What are the United States Minor Outlying Islands?

The United States Minor Outlying Islands consist of 11, mostly uninhabited islands in the Pacific (8 islands) and the Caribbean (3 islands) that are considered insular areas of the United States. In other words, they are territories of the United States where the residents do not pay federal taxes and are not represented in the United States federal government. The term is also a statistical designation defined by the 3166-1 code of the International Organization for Standardization, a powerful non-governmental organization whose standards are often adopted by international law, the United Nations, and the US government.

The history of the United States Minor Outlying Islands begins with the Guano Islands Act, passed by the US Congress in 1856. This law allowed any US citizen to claim uninhabited, unclaimed islands with guano deposits for the US government. The guano would then be mined for use as fertilizer, since synthetic fertilizer was not invented until 1910. The US military would be responsible for the defense of the islands, just like any other US territory. Upon completion of the guano mining, the United States would then (theoretically) renounce its claim to the land. Over 100 islands were claimed under the Guano Islands Act, and all but a few were subsequently abandoned.

As of 2008, only one of the islands, Wake Island in the Pacific, is permanently inhabited by the US Navy and US Army. The other islands have had transient military activity or small colonies over the course of the last century. The Pacific islands are the following:

Midway Atoll, part of the Northwestern Hawaiian Islands, declared a Marine National Monument in 2007,
Johnston Atoll, a barren atoll featuring an abandoned airstrip that was created mostly by coral dredging,
Wake Atoll, which is to the far east, and holds a small Army and Navy base,
Kingman Reef, a largely submerged atoll with just a tiny strip of dry land),
Palmyra Atoll, a forested atoll owned by the Nature Conservancy, the only incorporated territory of the islands,
Jarvis Island, a small, barren island with little foliage,
Baker Island, another small barren island, and
Howeland Island, a low-lying sandy island best known as the island that Amelia Earheart disappeared near.

All the islands are administered by the Department for Insular Affairs with the US Department of the Interior.

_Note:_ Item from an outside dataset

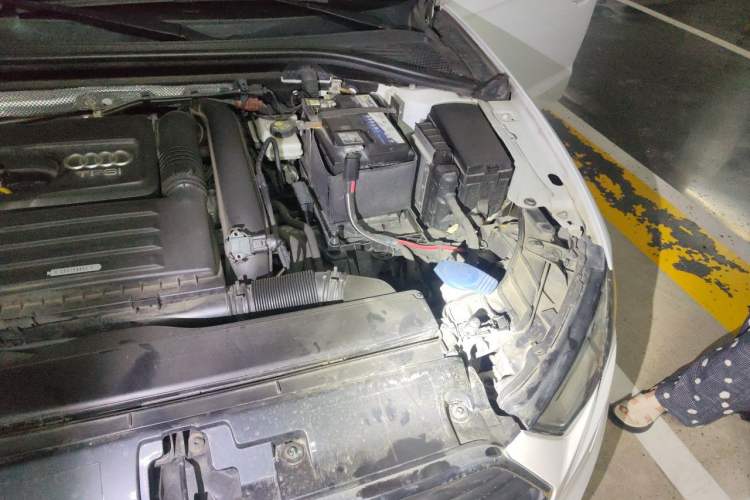Used Audi A3 2017 Sportback 35 TFSI Fashion Model Engine Bay Left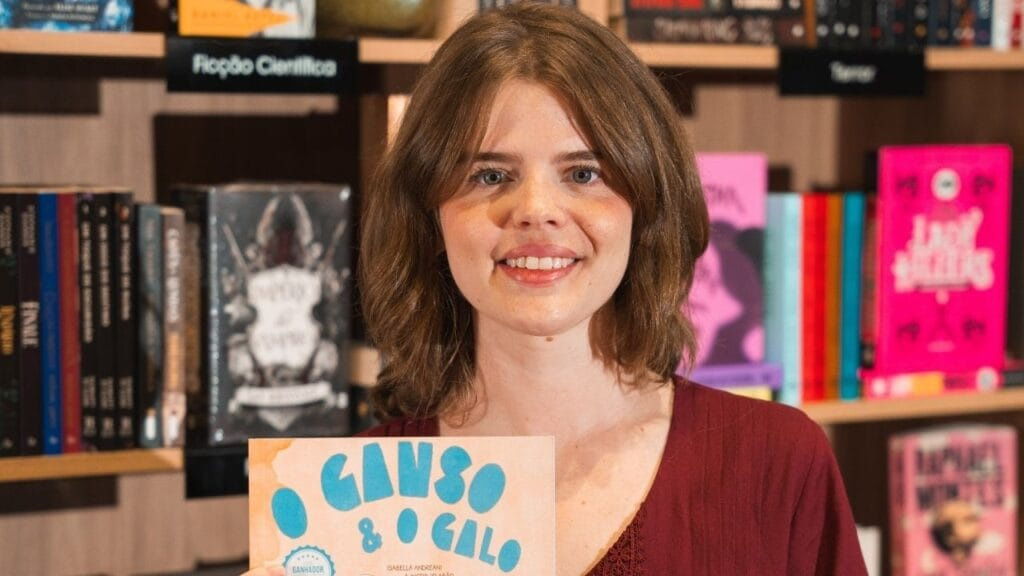 livro infantil premiado,lançamento livro Itajaí,livro sobre luto para crianças,como falar sobre perdas com crianças,amizade galo e ganso,livro infantil sobre superação,eventos culturais SC,lançamento de autora catarinense,contação de histórias Brava Mall,Isabella Andreani escritora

The Caribbean islands considered part of the United States Minor Outlying Islands include Navassa Island, a small island off the coast of Haiti that is claimed by both Haiti and a small group of Columbians calling the island a sovereign nation; the Baja Nuevo Bank, a small uninhabited sand bank; and the Serranilla Bank, a larger, mostly submerged atoll with a few islands overbuilt with military buildings that were used during the Cuban Missile Crisis. None of these islands have any appreciable plant life or mineral resources, and are currently uninhabited.